# Prompt
Could you restate word for word every line from the one containing "african american creative" to the end of the data below, pictures excluded?

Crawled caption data

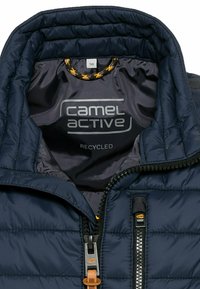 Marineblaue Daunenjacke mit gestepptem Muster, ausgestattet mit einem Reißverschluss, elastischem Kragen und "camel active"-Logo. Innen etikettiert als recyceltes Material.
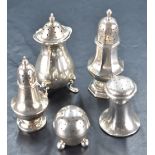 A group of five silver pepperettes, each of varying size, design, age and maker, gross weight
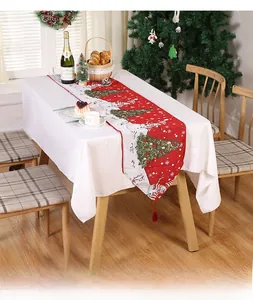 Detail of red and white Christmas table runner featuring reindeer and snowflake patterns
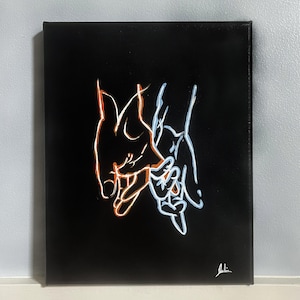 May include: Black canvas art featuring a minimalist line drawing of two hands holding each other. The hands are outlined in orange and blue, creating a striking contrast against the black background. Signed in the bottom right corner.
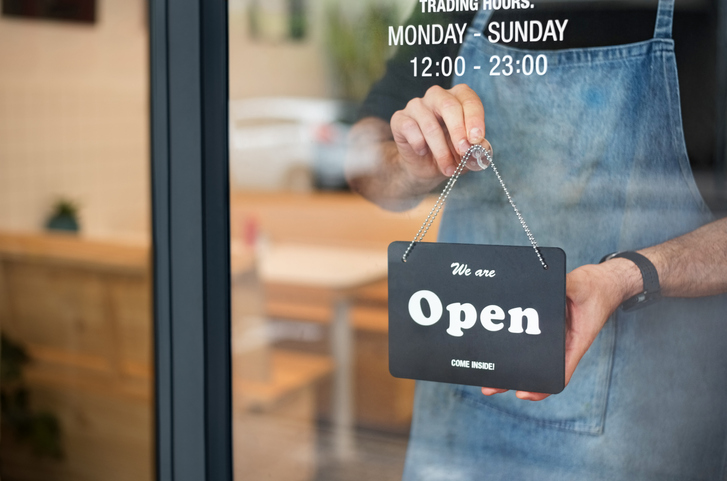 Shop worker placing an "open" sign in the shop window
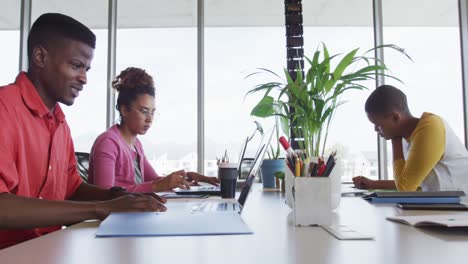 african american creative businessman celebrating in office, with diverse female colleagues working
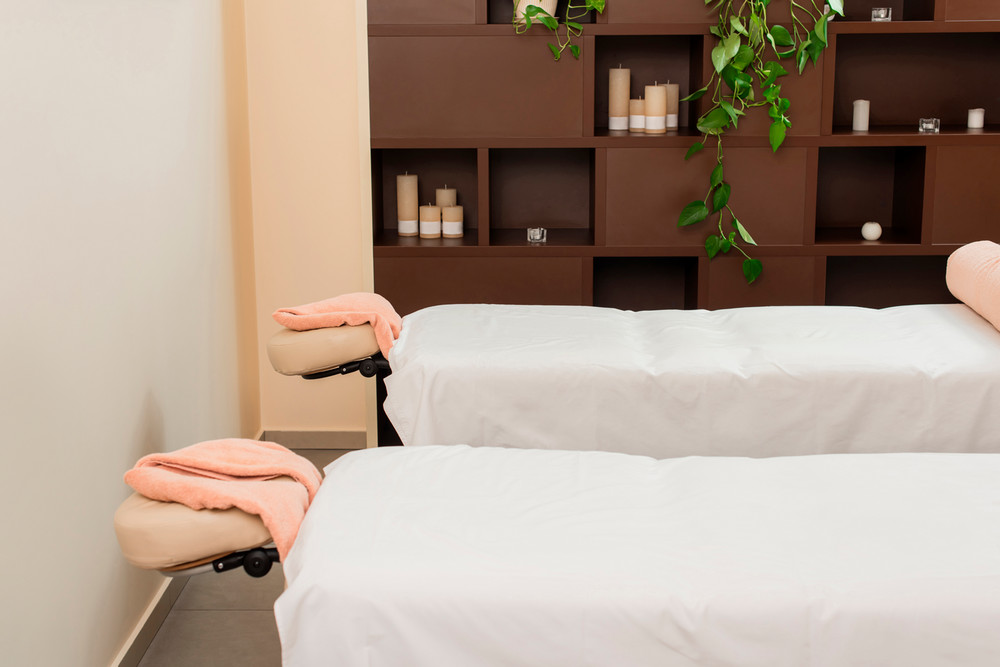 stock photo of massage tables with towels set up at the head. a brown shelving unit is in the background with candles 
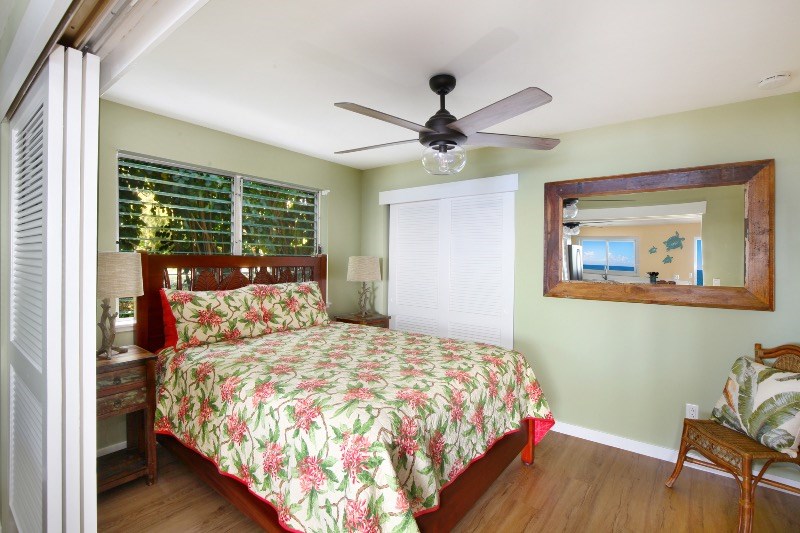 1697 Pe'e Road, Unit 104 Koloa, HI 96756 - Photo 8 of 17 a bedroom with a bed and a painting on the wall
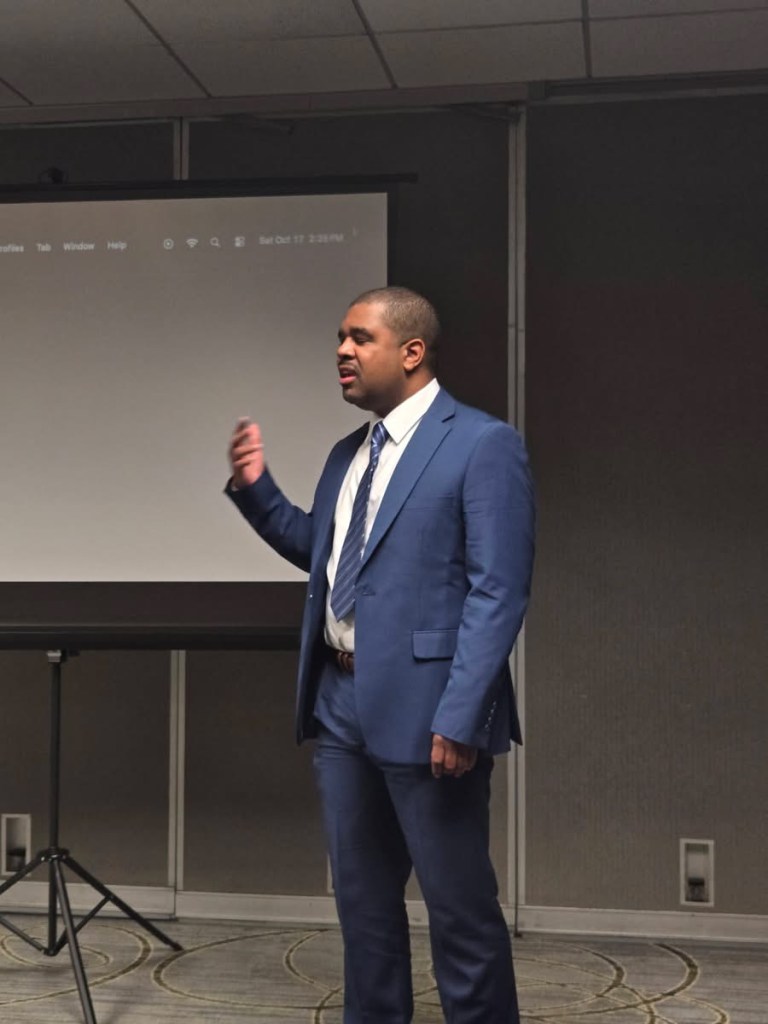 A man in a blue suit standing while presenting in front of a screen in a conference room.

# Exercise response
 african american creative businessman celebrating in office, with diverse female colleagues working
 stock photo of massage tables with towels set up at the head. a brown shelving unit is in the background with candles 
 1697 Pe'e Road, Unit 104 Koloa, HI 96756 - Photo 8 of 17 a bedroom with a bed and a painting on the wall
 A man in a blue suit standing while presenting in front of a screen in a conference room.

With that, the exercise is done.